Вот в это-то неблагоприятное время отец Мириямы и решился окончательно вернуться. Их оставалось всего четверо: он с женой да две дочери, двенадцати лет и шести. Вся остальная семья перемерла. Собралось их человек до двухсот. Собрав последние гроши, наняли они кочерму, чтобы она довезла их до Сухума, но негодяй хозяин кочермы, грек, обманул их. Доплыв до Батума, он объявил им, что в кочерме его повреждение, что он не рассчитал, подняв такой тяжелый груз, что дальше плыть невозможно... К пристани их не пустили. Несчастная кочерма, со своими двумя сотнями голодных, оборванных, измученных пассажиров, три дня качалась в виду города — без помощи, без пищи, без воды!.. Наконец, раздававшиеся на ней стоны и крики, а более всего страшный запах, который доносился с нее на другие суда, обратили на себя внимание. Послана была комиссия освидетельствовать, точно ли она не может без починки уйти в море? Что на этой кочерме нашли — страшно подумать!.. Представь себе, на ней уже было несколько человек мертвых. Да! И мертвецы, и умиравшие, и еще здоровые, — все это лежало и сидело вповалку, друг на друге, потому что судно едва могло вмещать пятьдесят человек, а подняло двести. Все это копошилось, еле ползая, в страшной нечистоте, скопившейся на дне кочермы; больные бредили в предсмертных мучениях; другие стонали, моля о хлебе, о капле воды; дети, несчастные младенцы, кричали или обессиленные задыхались у груди бесчувственных от голоду матерей!.. Боже праведный! Бывают же такие ужасы на свете!.. Я бы не поверила, если б нам не рассказывал этого в Батуме один из бывших в числе комиссии на кочерме «Агиос-Петрос» (святой Петр), — так называли ее. Она, действительно, оказалась поврежденной; в ней была течь.

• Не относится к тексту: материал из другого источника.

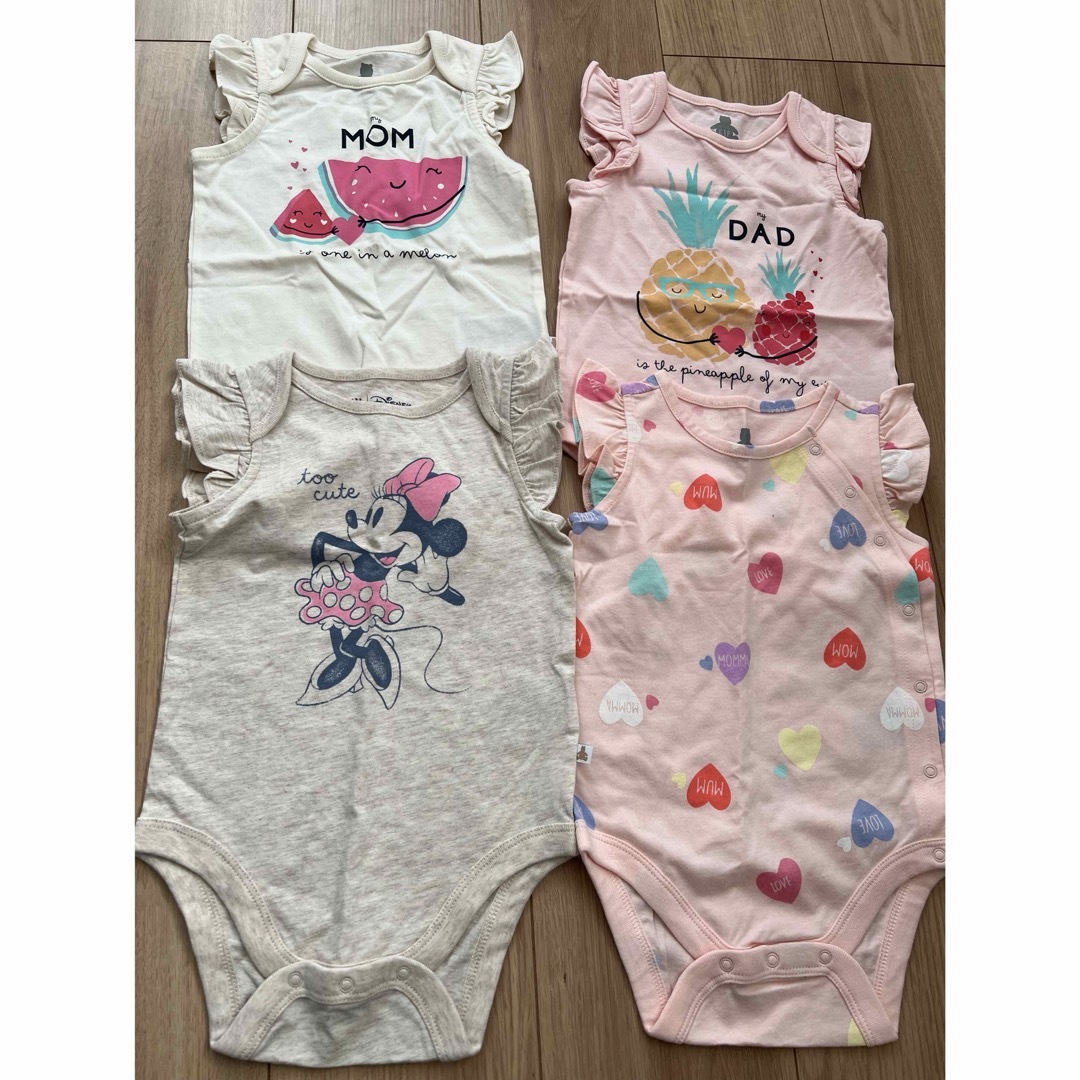 babyGAP(ベビーギャップ)のGAP ロンパース　80 4枚セット キッズ/ベビー/マタニティのベビー服(~85cm)(ロンパース)の商品写真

Начальство смилостивилось над погибавшими. Их высадили на землю и позволили расположиться временно в той разрушенной части города, которую покинули турки. Все жители сжалились над ними: им нанесли хлеба, денег, кто что мог. Им выдали продовольствие из полиции, по распоряжению губернатора, и, кроме того, в их пользу частные люди сделали сборы, подписки. Вероятно, месяц, проведенный этими несчастными на улицах Батума, показался земным раем в сравнении с прежними страданиями. Хотя погода была дождливая, но ведь это было летом (3), а эти бедняки привычны были обходиться без крова.
Но не думай, что этим кончились страдания этих несчастных жертв войны: ведь их не совсем приняли на русскую землю, им только позволили переждать, пока кочерма будет починена...
Через несколько времени ее поправили. Было сделано распоряжение о немедленной высылке всех этих турецких подданных назад, в Турцию. Что это была за картина смятения и ужаса, когда абхазцев сгоняли к берегу и силой сажали на ту же кочерму — я не берусь описывать! Я уши затыкала себе, когда очевидцы рассказывали нам об этих душу раздирающих сценах отчаяния. Довольно сказать тебе, что мужчины, военные люди, уходили и запирались в домах поплотнее, чтобы не слышать криков и воплей детей и женщин, которыми нагружали кочерму, как баранами, обреченными на убой, да они и были, действительно, обречены смерти. Хозяин ветхой «Агиос-Петрос» открыто заявлял, что она не довезет их до Самсуна, первого турецкого порта, а если бы и довезла, то их не примут на берег турецкие власти, как бродяг, отказавшихся от подданства Порты. Этот грек волосы на себе рвал за то, что пожадничал, набрав столько народу с платой за проезд, а теперь должен везти их даром, потеряв столько времени и не зная, как развязаться с ними. Правда, что из двухсот человек оставалось не более полутораста, остальные или перемерли, или, пользуясь случаем, ушли в горы, но все-таки приходилось грузить их, словно тюки, одного на другого. Тем не менее, в назначенный час, большой казенный пароход взял их на буксир и, в сопровождении лодки с береговою стражей, несчастная кочерма поплыла прочь от русской границы, сама не ведая, куда плывет она...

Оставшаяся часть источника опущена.